Starting this fall, Lakeside and Landrum will offer all-access dining, which has stirred up unsavory responses from many Georgia Southern University faculty members.

In previous years, faculty and staff could go into Lakeside and grab a single cup of coffee or a bowl of cereal a la carte. If they want to do this in the fall, they will have to pay at least $8.50 each time they enter one of the dining halls.

While determining the type of meal plan to establish, Eagle Dining Services only surveyed students and did not include faculty and staff.

Without surveying faculty or staff, Eagle Dining Services would not know if more staff would purchase food when they have to pay more for a cup of coffee, Clara Krug, a professor in the department of foreign languages, said.

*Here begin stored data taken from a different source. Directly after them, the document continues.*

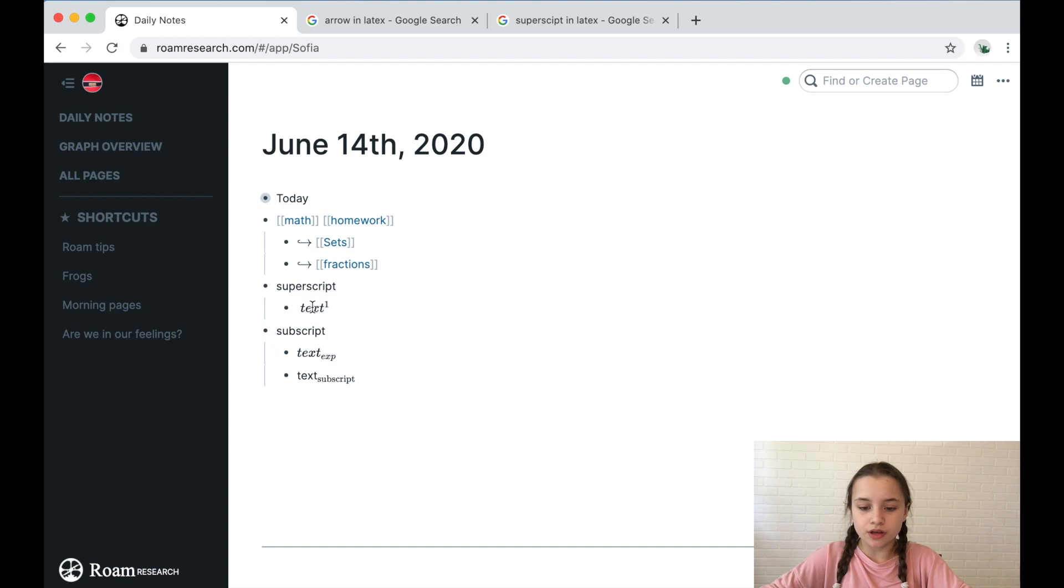And you could do this with superscript as well. So that was it for today's video. It was really just showing you guys the basics, and you could find all of these codes on the internet. I find this very clever feature because you could do your homework in Roam and write notes in Roam, and many people don't have these characters or symbols on their keyboard and you don't need any kind of software if you're writing in Roam.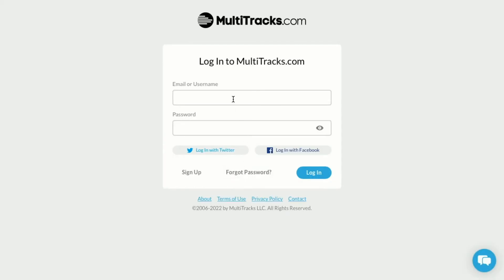You're going to enter your MultiTracks login credentials so that the two softwares can communicate with one another. Let's go ahead and do that.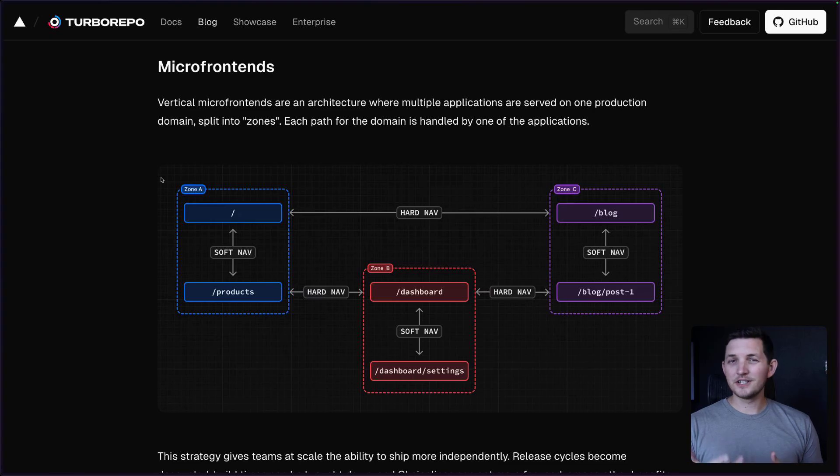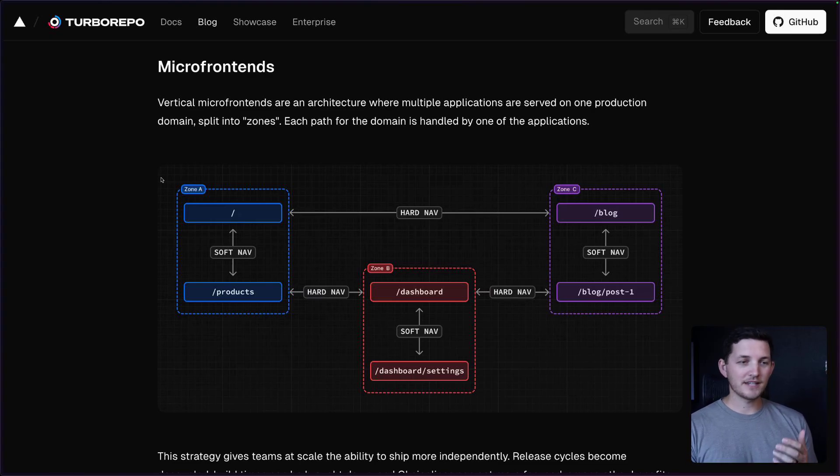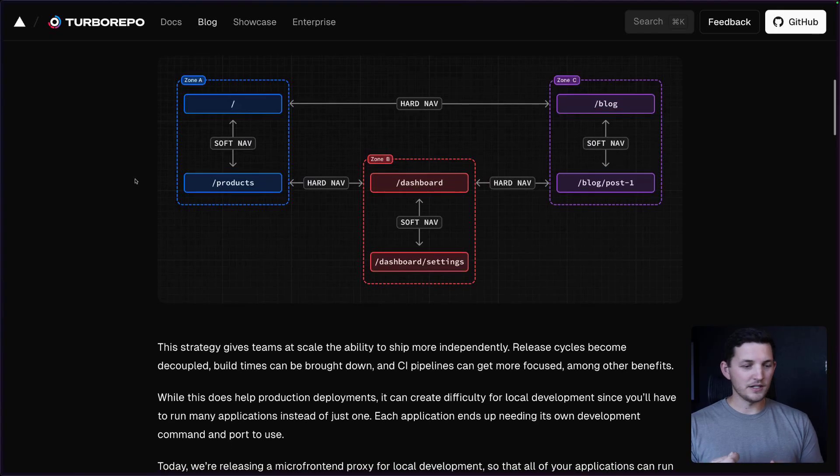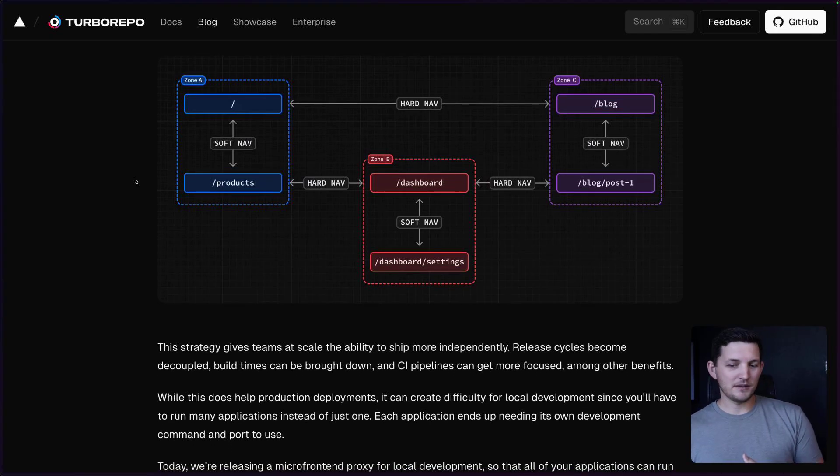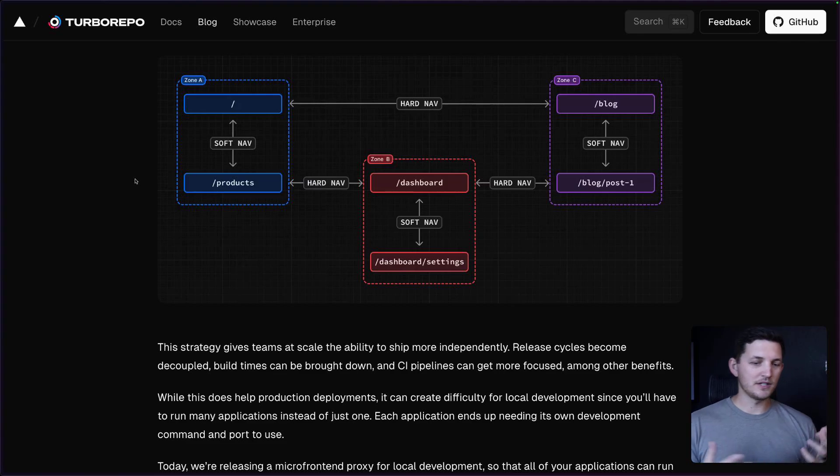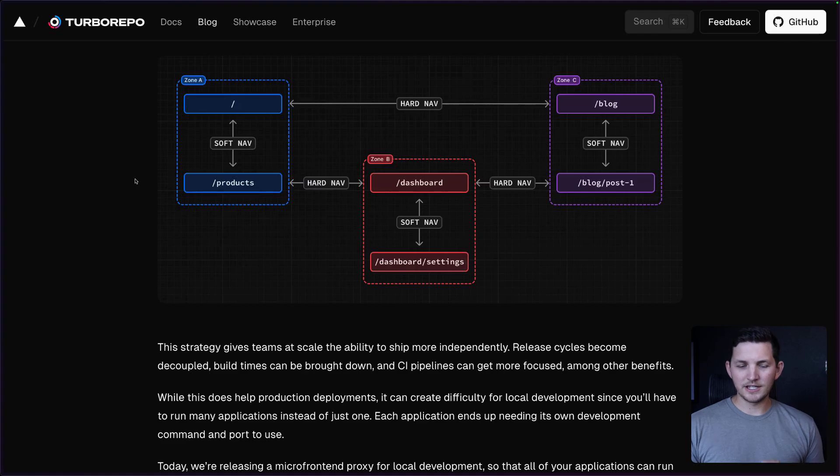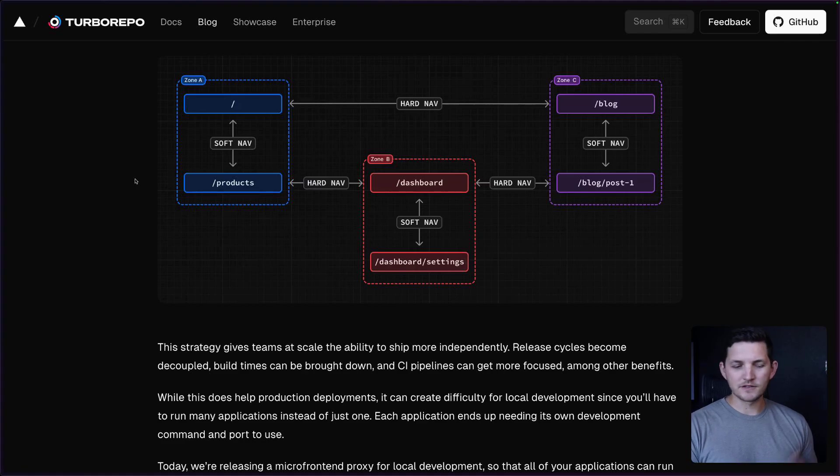This is a great strategy for teams at scale who want to start to break up their CI/CD pipelines, their release cycles. Build times can be brought down this way. There's a number of things that you can get out of this strategy, but there are some trade-offs, of course, too.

“Given the number of faculty and staff, you would think there would be some accommodation,” Dr. Tim Whelan, professor in the department of literature and philosophy and CLASS faculty senate member, said

The faculty senate is supposed to be an advisory body, but it is hard to give advice without being asked, Dr. Janice Steirn, professor in the department of psychology and CLASS faculty senate member, said.

This is just an additional example of the administration doing things without even touching base with faculty or staff, Steirn said.

“We have a food system that is basically working like cable television. We can’t just take anything a la carte. We have to buy the eight thousand channels, and that is absolutely absurd,” Senate Secretary Dr. Mark Cyr, a professor in the department of literature and philosophy, said.

“I’ll drive off campus before I pay $8.50 for breakfast,” Whelan said.

“By denying us, or charging a ridiculous price, for being able to go in and get a reasonably healthy meal, they are treating us like we aren’t important,” Steirn said.

University President Brooks Keel said that the primary purpose of the two dining halls, Lakeside and Landrum, is to meet the needs of students.

If they want to serve the students of the dorm community, they should just put dining halls in the dorms, Steirn said.

“Students are here for four or five years, and they graduate and go away. We’re here for the long haul,” Steirn said.

The price change inconvenience was not the only issue that faculty had concerning the changes.

“As an FYE professor, we’re often asked to get together with our students so that students get to know at least one professor. A very easy thing to do was meet them at Lakeside, and now that option has been taken from us,” Steirn said.

Whelan said that the faculty and staff understand that there are other options such as the Union or the library, but Lakeside was in a central location.